▶ **What the task requires**
Would you return the lines between the one holding "Burt's Bees Boys" and the one holding "Para pekerja memasang", inclusive, and only those, exactly as they stand in the listing below?

▶ **Raw data**
○ ○ ○

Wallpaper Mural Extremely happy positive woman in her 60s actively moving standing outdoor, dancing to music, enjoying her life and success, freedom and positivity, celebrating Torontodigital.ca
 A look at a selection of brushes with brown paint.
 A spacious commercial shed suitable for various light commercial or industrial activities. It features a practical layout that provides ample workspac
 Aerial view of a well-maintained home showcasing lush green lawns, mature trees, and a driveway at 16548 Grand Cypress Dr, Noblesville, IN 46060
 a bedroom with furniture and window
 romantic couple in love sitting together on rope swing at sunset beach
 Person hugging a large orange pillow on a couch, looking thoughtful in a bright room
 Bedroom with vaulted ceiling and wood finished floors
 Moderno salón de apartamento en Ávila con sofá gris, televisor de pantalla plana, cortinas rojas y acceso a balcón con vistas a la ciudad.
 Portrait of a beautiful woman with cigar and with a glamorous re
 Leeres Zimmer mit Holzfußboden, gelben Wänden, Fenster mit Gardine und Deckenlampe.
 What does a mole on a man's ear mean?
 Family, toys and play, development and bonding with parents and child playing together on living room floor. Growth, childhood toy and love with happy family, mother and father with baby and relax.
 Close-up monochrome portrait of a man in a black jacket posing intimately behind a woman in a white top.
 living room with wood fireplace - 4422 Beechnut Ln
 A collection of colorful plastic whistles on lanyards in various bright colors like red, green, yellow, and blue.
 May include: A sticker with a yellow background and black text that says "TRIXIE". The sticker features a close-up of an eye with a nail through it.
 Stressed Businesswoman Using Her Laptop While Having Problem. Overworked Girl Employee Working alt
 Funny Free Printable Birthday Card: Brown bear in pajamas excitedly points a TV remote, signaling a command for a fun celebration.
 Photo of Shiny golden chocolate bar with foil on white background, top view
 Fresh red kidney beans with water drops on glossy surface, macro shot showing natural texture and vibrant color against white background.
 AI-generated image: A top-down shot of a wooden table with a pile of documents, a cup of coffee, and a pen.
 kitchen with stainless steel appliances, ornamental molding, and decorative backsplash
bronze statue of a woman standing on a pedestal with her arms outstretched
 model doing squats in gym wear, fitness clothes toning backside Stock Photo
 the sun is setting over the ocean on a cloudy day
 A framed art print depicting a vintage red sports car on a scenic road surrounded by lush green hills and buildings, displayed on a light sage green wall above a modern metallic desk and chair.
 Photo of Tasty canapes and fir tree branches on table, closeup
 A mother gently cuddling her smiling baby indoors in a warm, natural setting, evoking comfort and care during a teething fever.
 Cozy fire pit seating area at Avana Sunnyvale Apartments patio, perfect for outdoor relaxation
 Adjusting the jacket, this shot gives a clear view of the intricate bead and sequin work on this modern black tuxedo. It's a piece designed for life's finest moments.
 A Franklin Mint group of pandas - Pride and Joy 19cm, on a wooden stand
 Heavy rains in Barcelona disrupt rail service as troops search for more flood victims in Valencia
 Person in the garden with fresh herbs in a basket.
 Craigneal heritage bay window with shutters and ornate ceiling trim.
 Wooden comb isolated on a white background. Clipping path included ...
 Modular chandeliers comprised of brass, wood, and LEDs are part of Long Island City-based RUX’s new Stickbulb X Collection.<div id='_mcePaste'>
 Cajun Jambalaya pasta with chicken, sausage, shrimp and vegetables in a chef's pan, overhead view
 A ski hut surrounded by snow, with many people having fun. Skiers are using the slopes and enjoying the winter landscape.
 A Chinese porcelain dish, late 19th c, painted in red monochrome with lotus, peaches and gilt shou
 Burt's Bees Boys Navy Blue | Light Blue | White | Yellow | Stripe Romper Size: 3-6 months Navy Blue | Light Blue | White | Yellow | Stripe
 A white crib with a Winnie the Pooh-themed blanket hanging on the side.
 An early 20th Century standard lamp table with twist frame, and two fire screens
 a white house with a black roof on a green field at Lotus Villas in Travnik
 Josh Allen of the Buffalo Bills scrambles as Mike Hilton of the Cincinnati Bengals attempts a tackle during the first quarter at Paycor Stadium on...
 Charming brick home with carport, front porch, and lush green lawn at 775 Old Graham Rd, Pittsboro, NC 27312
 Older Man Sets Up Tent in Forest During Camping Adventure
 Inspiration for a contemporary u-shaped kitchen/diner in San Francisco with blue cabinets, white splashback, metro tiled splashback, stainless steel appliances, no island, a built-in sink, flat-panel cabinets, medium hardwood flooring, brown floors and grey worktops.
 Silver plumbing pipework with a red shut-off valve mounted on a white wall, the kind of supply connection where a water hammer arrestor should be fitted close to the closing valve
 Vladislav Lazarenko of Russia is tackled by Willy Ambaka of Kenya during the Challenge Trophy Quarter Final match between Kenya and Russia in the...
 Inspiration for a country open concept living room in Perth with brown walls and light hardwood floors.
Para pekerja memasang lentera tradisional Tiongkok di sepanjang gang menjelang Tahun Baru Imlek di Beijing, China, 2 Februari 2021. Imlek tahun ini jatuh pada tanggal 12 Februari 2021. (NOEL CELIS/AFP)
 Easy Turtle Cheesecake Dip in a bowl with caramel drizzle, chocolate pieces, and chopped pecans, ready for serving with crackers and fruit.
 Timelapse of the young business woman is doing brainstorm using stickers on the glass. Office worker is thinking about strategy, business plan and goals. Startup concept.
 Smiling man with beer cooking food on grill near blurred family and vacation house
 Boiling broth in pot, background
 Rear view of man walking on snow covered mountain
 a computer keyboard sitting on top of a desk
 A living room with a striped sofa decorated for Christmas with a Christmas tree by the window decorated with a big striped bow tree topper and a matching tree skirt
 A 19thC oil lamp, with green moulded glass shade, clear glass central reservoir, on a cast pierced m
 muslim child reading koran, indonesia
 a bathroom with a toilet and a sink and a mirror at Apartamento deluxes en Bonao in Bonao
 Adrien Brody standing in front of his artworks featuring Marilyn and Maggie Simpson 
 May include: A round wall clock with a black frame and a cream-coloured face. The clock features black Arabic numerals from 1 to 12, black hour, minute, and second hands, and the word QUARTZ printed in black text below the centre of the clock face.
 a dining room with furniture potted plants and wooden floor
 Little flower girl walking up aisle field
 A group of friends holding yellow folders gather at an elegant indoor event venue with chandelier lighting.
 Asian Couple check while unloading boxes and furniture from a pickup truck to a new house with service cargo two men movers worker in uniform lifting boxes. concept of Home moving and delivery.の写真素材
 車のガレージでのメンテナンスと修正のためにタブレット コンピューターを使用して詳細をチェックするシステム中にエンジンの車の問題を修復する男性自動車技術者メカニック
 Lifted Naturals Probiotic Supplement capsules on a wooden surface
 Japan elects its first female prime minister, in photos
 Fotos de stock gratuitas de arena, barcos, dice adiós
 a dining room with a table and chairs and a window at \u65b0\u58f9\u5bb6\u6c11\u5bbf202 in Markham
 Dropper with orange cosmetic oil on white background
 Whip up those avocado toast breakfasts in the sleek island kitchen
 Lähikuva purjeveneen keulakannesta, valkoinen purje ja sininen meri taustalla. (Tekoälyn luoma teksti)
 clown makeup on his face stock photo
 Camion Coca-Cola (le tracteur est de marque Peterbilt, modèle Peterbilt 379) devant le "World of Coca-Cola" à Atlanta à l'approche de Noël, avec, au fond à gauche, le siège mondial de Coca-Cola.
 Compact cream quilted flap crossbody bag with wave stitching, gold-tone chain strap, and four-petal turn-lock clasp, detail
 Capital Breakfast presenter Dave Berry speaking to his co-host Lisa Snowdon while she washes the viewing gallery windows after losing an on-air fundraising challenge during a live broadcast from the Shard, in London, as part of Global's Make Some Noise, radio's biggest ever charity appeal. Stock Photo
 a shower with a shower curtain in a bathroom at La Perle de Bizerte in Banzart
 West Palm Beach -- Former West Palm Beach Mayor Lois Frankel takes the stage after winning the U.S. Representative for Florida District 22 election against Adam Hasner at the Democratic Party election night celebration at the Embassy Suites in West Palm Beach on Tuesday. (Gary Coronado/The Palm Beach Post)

○ ○ ○

▶ **Answer area**
 Burt's Bees Boys Navy Blue | Light Blue | White | Yellow | Stripe Romper Size: 3-6 months Navy Blue | Light Blue | White | Yellow | Stripe
 A white crib with a Winnie the Pooh-themed blanket hanging on the side.
 An early 20th Century standard lamp table with twist frame, and two fire screens
 a white house with a black roof on a green field at Lotus Villas in Travnik
 Josh Allen of the Buffalo Bills scrambles as Mike Hilton of the Cincinnati Bengals attempts a tackle during the first quarter at Paycor Stadium on...
 Charming brick home with carport, front porch, and lush green lawn at 775 Old Graham Rd, Pittsboro, NC 27312
 Older Man Sets Up Tent in Forest During Camping Adventure
 Inspiration for a contemporary u-shaped kitchen/diner in San Francisco with blue cabinets, white splashback, metro tiled splashback, stainless steel appliances, no island, a built-in sink, flat-panel cabinets, medium hardwood flooring, brown floors and grey worktops.
 Silver plumbing pipework with a red shut-off valve mounted on a white wall, the kind of supply connection where a water hammer arrestor should be fitted close to the closing valve
 Vladislav Lazarenko of Russia is tackled by Willy Ambaka of Kenya during the Challenge Trophy Quarter Final match between Kenya and Russia in the...
 Inspiration for a country open concept living room in Perth with brown walls and light hardwood floors.
Para pekerja memasang lentera tradisional Tiongkok di sepanjang gang menjelang Tahun Baru Imlek di Beijing, China, 2 Februari 2021. Imlek tahun ini jatuh pada tanggal 12 Februari 2021. (NOEL CELIS/AFP)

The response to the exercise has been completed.